On January 11, 2012, the Supreme Court decided Pacific Operators Offshore, LLP v. Valladolid, No. 10-507, holding that under an extension of the Outer Continental Shelf Lands Act, an injured employee may pursue benefits under the Harbor Workers' Compensation Act if the employee can establish a substantial nexus between the injury and the employer's extractive operations on the Outer Continental Shelf (OCS).
The Outer Continental Shelf Lands Act (OCSLA) extends the federal workers' compensation scheme established in the Longshore and Harbor Workers' Compensation Act (LHWCA) to injuries "occurring as the result of operations conducted on the outer Continental Shelf" for the purpose of extracting natural resources from the shelf. Plaintiff's decedent, a laborer, spent 98% of his time working on an offshore platform, but was killed in an accident while working at his employer's onshore facility. The plaintiff widow sought benefits under the LHWCA, but the administrative law judge and the Labor Department's Benefits Review Board both rejected the claim because the accident occurred on land, not on the OCS. The Ninth Circuit reversed, holding that a claimant may receive LHWCA benefits if the claimant can establish a substantial nexus between the injury and extractive operations on the OCS.
The Supreme Court affirmed, rejecting several alternative rules and agreeing with the Ninth Circuit that the OCSLA extends coverage to an injured employee who can establish a substantial nexus between the injury and the employer's extractive operations on the OCS. The Court rejected a "situs-of-injury" test as inconsistent with the OCSLA, which contains no such geographical limits.
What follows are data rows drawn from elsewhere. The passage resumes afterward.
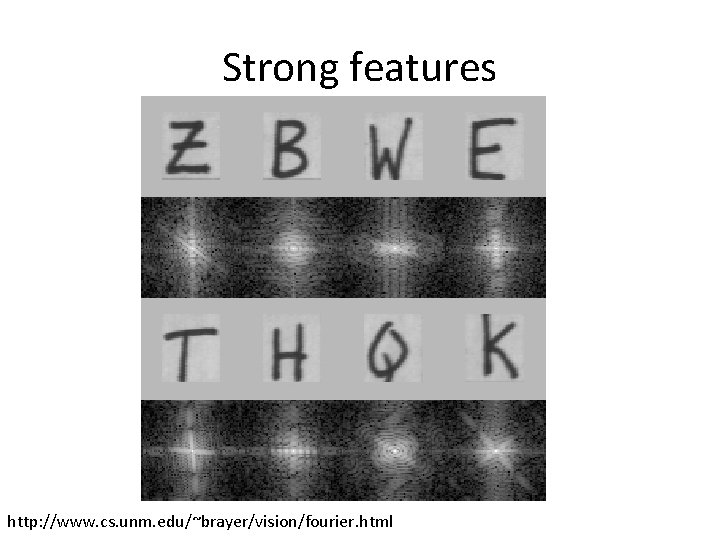 Strong features http: //www. cs. unm. edu/~brayer/vision/fourier. html Strong features http: //www. cs. unm. edu/~brayer/vision/fourier. html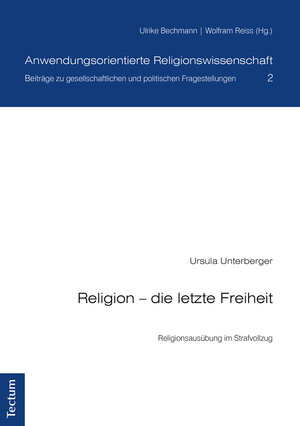 Buchcover Religion - die letzte Freiheit | Ursula Unterberger | EAN 9783828856912 | ISBN 3-8288-5691-8 | ISBN 978-3-8288-5691-2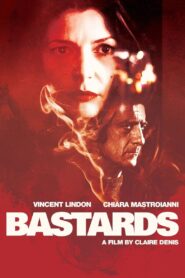 Bastards 2013 on netflix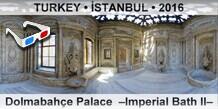 TURKEY • İSTANBUL Dolmabahçe Palace  –Imperial Bath II–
The Court also rejected a "but-for" test as an overbroad rule that would extend coverage to any employee of a company engaged in OCS operations without regard to the employee's actual work. Finally, the Court rejected the suggestion that coverage extend only to employees whose duties contribute to operations on the OCS and who perform work that is substantial in both duration and nature on the OCS itself, holding that such a rule would impermissibly ignore the statute's focus on causation.
Justice Thomas delivered the opinion of the Court, in which Chief Justice Roberts and Justices Kennedy, Ginsberg, Breyer, Sotomayor, and Kagan joined. Justice Scalia filed an opinion concurring in part and concurring in the judgment, in which Justice Alito joined.